§ WHAT YOU ARE ASKED TO DO
Write the records out once more, exactly as they are given.

§ RECORDED DATA
_ _ _ _

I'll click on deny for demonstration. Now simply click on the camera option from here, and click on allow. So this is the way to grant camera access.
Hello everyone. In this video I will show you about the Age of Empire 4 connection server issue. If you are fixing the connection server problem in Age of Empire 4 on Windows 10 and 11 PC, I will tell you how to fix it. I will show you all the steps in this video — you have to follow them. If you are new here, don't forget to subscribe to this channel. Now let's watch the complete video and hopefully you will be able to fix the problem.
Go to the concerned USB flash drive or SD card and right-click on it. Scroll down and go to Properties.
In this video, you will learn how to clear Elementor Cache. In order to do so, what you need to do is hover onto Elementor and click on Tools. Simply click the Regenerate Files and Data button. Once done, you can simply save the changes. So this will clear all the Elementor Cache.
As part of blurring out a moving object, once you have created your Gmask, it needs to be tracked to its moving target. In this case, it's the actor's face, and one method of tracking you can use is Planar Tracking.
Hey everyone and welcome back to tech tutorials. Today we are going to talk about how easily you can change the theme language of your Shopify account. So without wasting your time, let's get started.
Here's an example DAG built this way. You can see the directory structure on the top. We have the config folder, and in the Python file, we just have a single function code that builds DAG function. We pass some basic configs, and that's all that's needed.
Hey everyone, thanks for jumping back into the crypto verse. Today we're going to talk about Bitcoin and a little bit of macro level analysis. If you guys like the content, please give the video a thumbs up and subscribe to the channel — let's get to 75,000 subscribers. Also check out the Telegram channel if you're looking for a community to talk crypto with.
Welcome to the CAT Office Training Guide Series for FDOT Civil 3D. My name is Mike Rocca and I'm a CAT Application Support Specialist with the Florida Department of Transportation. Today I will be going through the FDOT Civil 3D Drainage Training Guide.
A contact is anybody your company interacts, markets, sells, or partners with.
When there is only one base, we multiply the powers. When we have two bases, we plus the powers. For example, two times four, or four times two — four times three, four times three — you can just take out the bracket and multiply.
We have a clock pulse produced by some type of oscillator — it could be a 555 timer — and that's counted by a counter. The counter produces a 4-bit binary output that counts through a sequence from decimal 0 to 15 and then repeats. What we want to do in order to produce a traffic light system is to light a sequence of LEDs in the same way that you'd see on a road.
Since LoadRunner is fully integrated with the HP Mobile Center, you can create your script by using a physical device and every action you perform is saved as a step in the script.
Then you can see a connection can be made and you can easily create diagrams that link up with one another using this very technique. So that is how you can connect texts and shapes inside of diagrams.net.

_ _ _ _

§ REPLY
I'll click on deny for demonstration. Now simply click on the camera option from here, and click on allow. So this is the way to grant camera access.
Hello everyone. In this video I will show you about the Age of Empire 4 connection server issue. If you are fixing the connection server problem in Age of Empire 4 on Windows 10 and 11 PC, I will tell you how to fix it. I will show you all the steps in this video — you have to follow them. If you are new here, don't forget to subscribe to this channel. Now let's watch the complete video and hopefully you will be able to fix the problem.
Go to the concerned USB flash drive or SD card and right-click on it. Scroll down and go to Properties.
In this video, you will learn how to clear Elementor Cache. In order to do so, what you need to do is hover onto Elementor and click on Tools. Simply click the Regenerate Files and Data button. Once done, you can simply save the changes. So this will clear all the Elementor Cache.
As part of blurring out a moving object, once you have created your Gmask, it needs to be tracked to its moving target. In this case, it's the actor's face, and one method of tracking you can use is Planar Tracking.
Hey everyone and welcome back to tech tutorials. Today we are going to talk about how easily you can change the theme language of your Shopify account. So without wasting your time, let's get started.
Here's an example DAG built this way. You can see the directory structure on the top. We have the config folder, and in the Python file, we just have a single function code that builds DAG function. We pass some basic configs, and that's all that's needed.
Hey everyone, thanks for jumping back into the crypto verse. Today we're going to talk about Bitcoin and a little bit of macro level analysis. If you guys like the content, please give the video a thumbs up and subscribe to the channel — let's get to 75,000 subscribers. Also check out the Telegram channel if you're looking for a community to talk crypto with.
Welcome to the CAT Office Training Guide Series for FDOT Civil 3D. My name is Mike Rocca and I'm a CAT Application Support Specialist with the Florida Department of Transportation. Today I will be going through the FDOT Civil 3D Drainage Training Guide.
A contact is anybody your company interacts, markets, sells, or partners with.
When there is only one base, we multiply the powers. When we have two bases, we plus the powers. For example, two times four, or four times two — four times three, four times three — you can just take out the bracket and multiply.
We have a clock pulse produced by some type of oscillator — it could be a 555 timer — and that's counted by a counter. The counter produces a 4-bit binary output that counts through a sequence from decimal 0 to 15 and then repeats. What we want to do in order to produce a traffic light system is to light a sequence of LEDs in the same way that you'd see on a road.
Since LoadRunner is fully integrated with the HP Mobile Center, you can create your script by using a physical device and every action you perform is saved as a step in the script.
Then you can see a connection can be made and you can easily create diagrams that link up with one another using this very technique. So that is how you can connect texts and shapes inside of diagrams.net.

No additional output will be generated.